Now that we’ve fractionalized the poor rhubarb–let’s look at it from a whole, Chinese energetic perspective.
Rhubarb is cold energetically, it drains downward and removes excess heat and damp from the Liver, Stomach, Heart and Intestines and promotes bowel movements. The sour flavor specifically enters the Liver, moving out congestion and dampness.
Shall I simplify?
Heat in the Liver– What this looks like is liver qi congestion, anger, frustration, digestive stagnation, pms, ringing in the ears, –check out Liver yang rising. Patterns like Hep C, mono and high cholesterol are damp heat in the liver and gall bladder.
Heat in the Stomach-We see burning sensation in the stomach, acid reflux, GERD, bleeding gums, excessive thirst and bad breath. This can also be a component in constipation caused by heat. Yep, there is more than one pattern that can cause constipation.

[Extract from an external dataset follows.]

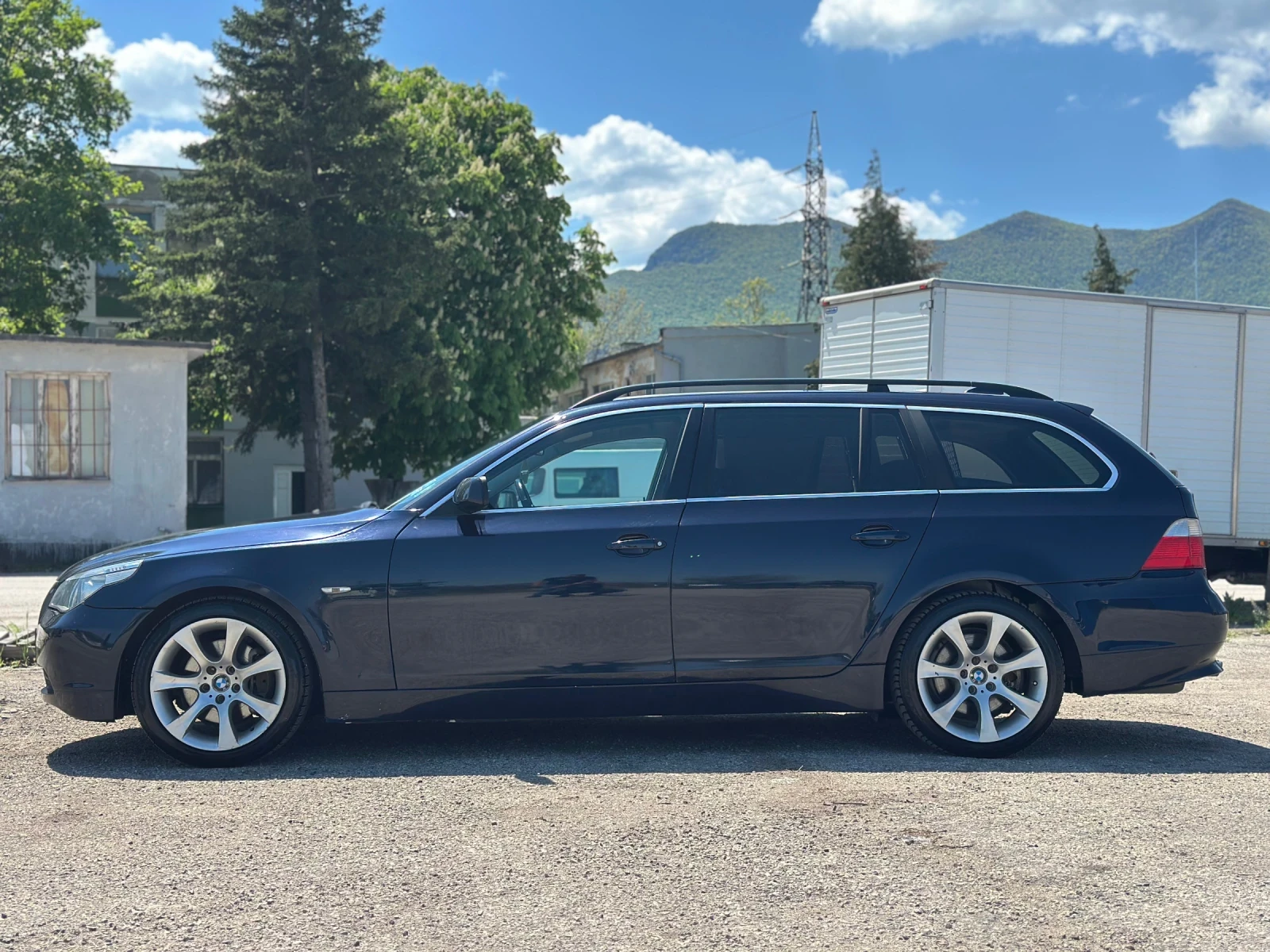 BMW 530 530d, снимка 3 - Автомобили и джипове - 54426755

Heat in the Heart-Anxiety, palpitations, nervousness, thirst, anxious and excessive speech and dream disturbed sleep. You might actually have a burning sensation on the very tip of your tongue.
Heat in the Intestine-Heat anywhere will dry up the fluids in the system, making you thirsty. With lack of fluids in the intestines the body cannot properly move the bowels aka, constipation.
Wonderful– Put this all together and rhubarb is a fantastic food to help purge out excess heat from the system, especially if you indulge in too many animal proteins which are hot! Great for spring cleaning. But before you go noshing on your plant, there are a few contraindications.
A note of caution–rhubarb is a laxative, avoid use if you are nursing, have diarrhea, loose stools, or are very deficient.